=== DATA TO PROCESS ===
------------------------------

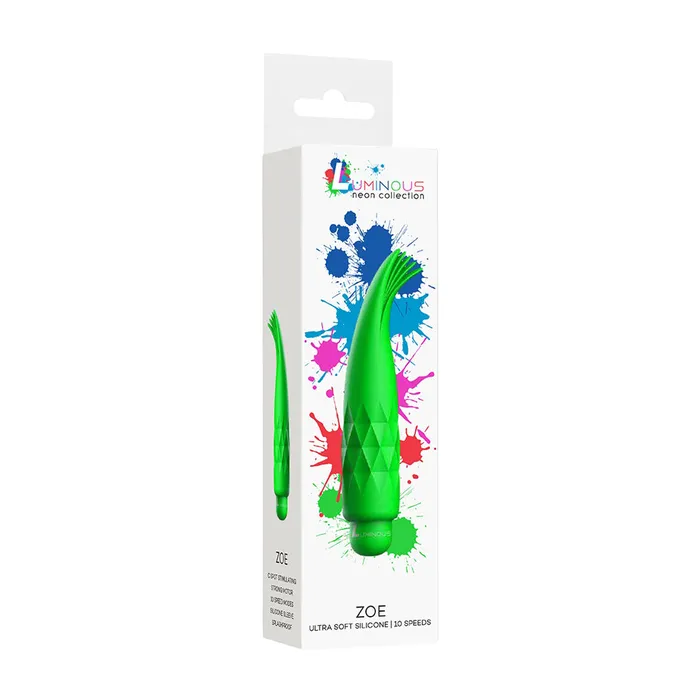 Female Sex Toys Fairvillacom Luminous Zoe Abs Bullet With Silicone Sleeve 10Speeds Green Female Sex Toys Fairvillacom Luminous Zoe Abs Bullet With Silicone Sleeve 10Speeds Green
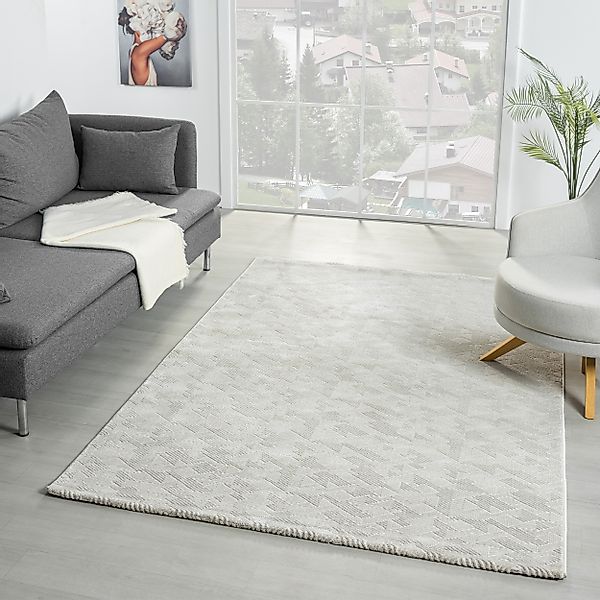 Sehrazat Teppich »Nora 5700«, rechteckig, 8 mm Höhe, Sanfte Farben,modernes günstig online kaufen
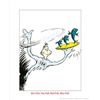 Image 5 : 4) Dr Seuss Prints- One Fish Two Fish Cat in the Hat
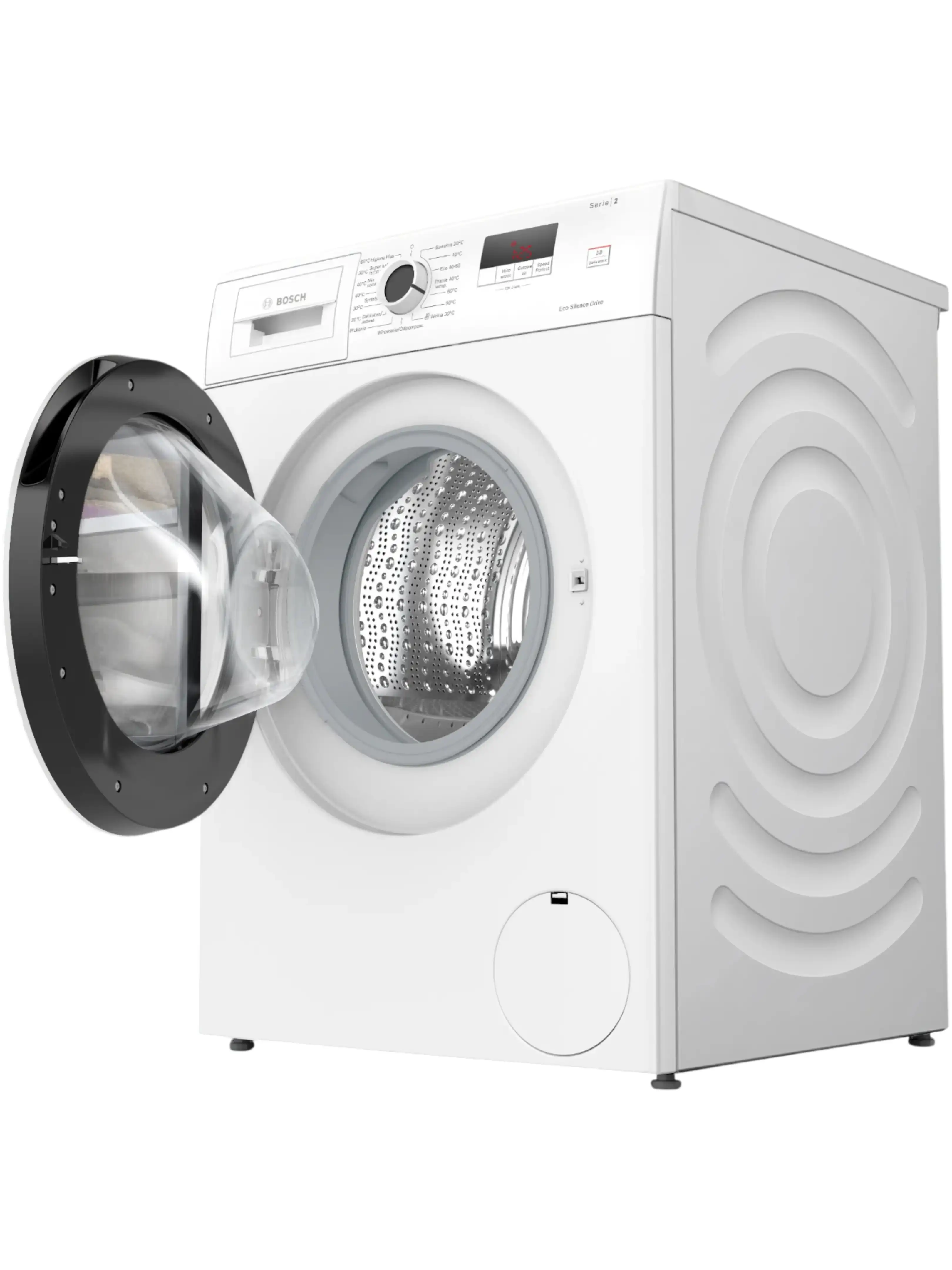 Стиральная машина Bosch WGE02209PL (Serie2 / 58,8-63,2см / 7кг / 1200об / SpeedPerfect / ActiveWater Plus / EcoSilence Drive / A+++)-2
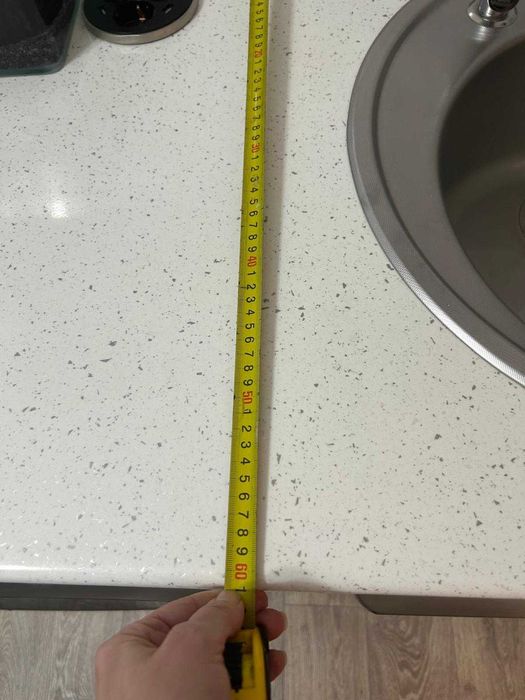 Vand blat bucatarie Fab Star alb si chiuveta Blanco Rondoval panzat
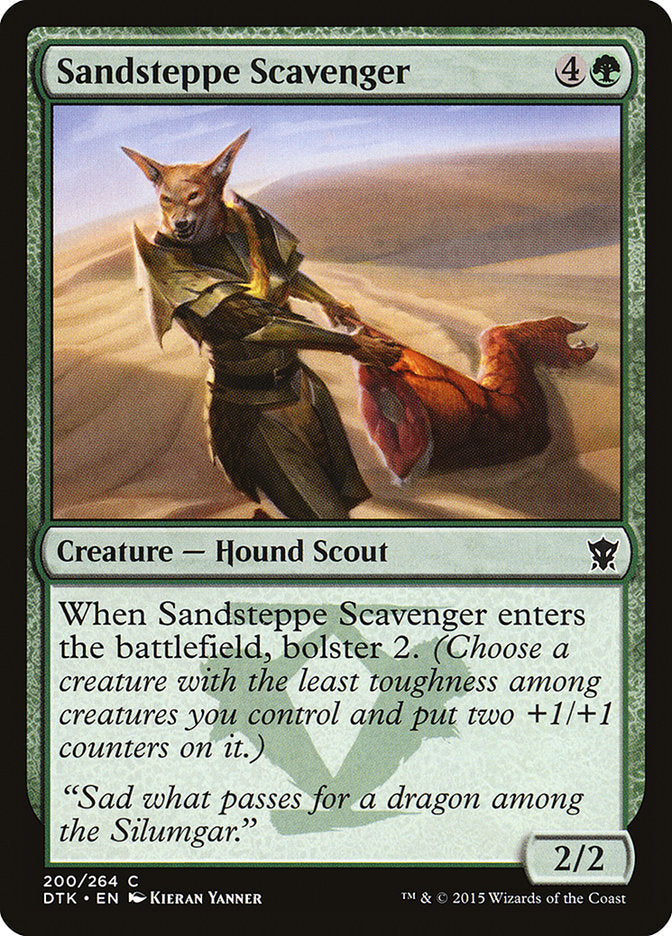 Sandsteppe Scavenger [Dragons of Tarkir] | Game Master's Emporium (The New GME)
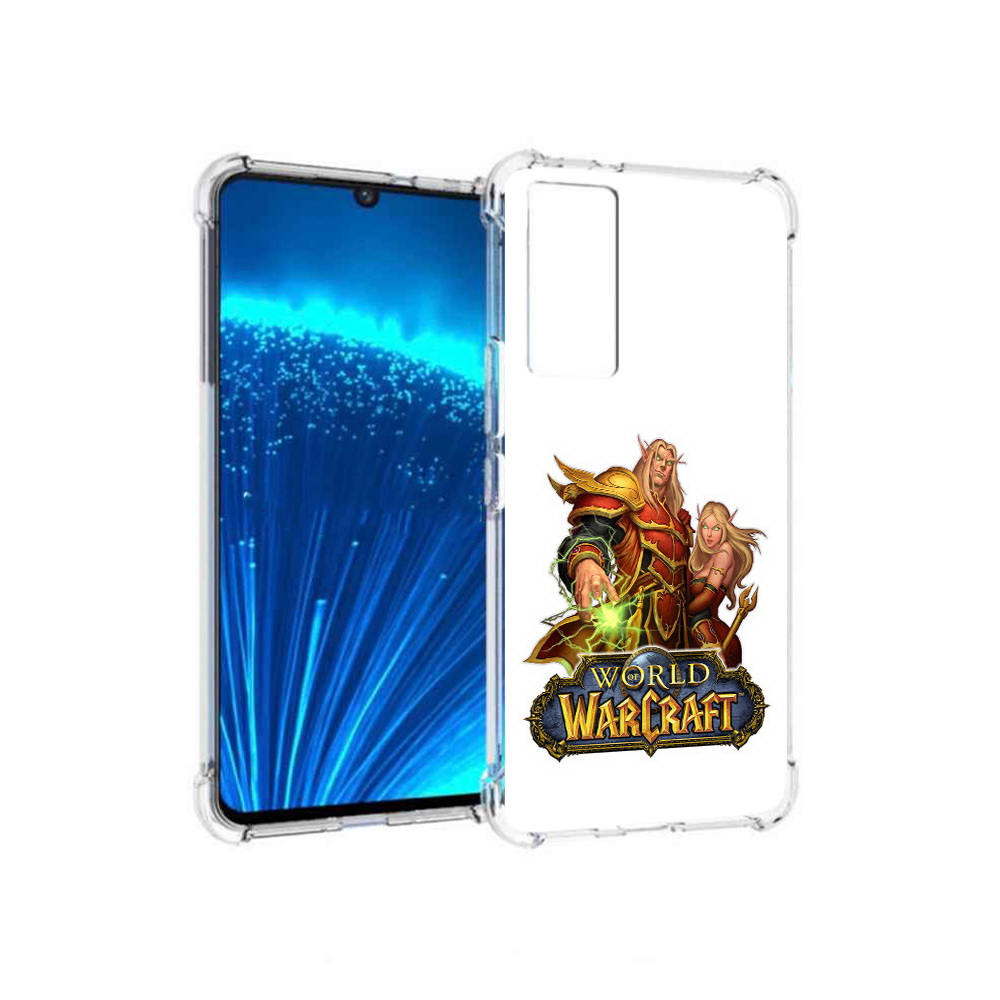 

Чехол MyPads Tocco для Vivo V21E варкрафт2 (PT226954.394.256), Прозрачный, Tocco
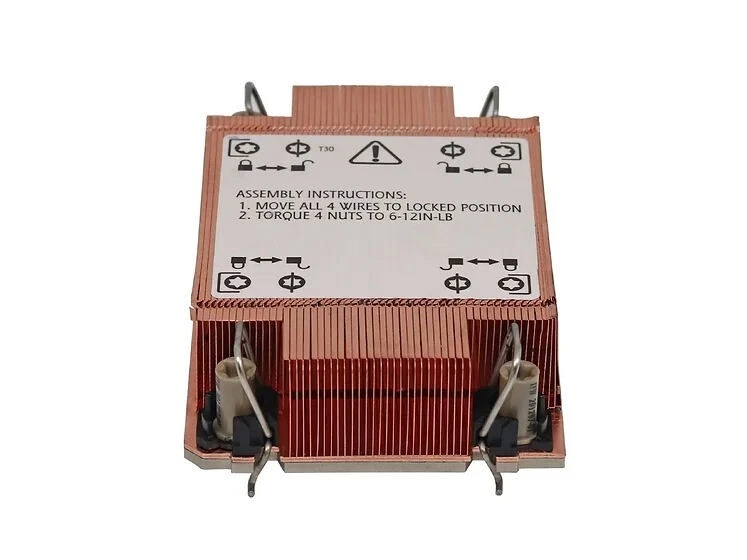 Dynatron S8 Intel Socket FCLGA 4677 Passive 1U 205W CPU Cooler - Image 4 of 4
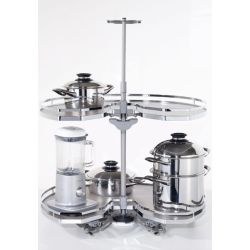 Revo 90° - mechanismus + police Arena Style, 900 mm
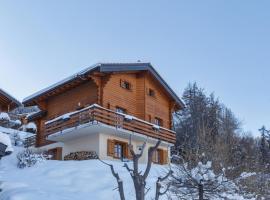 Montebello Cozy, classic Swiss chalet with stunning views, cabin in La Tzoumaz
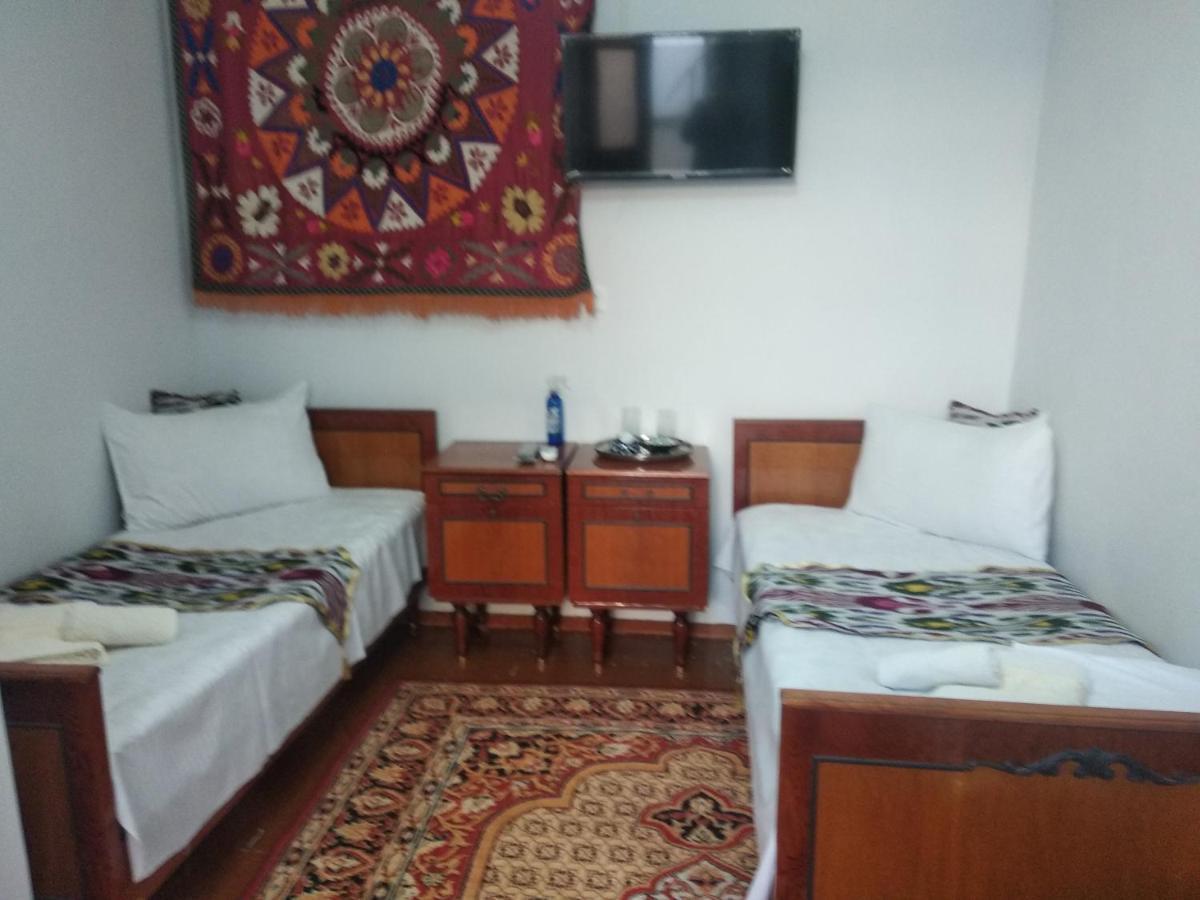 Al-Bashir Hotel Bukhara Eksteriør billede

------------------------------

=== WHAT IS NEEDED ===
In the listing above, find the line with "günstig online kaufen" and the line with "Image 5 : 4)". Set down both and every line between them, minus the pictures.

=== RESULT FOR THIS TASK ===
 Sehrazat Teppich »Nora 5700«, rechteckig, 8 mm Höhe, Sanfte Farben,modernes günstig online kaufen
 Image 5 : 4) Dr Seuss Prints- One Fish Two Fish Cat in the Hat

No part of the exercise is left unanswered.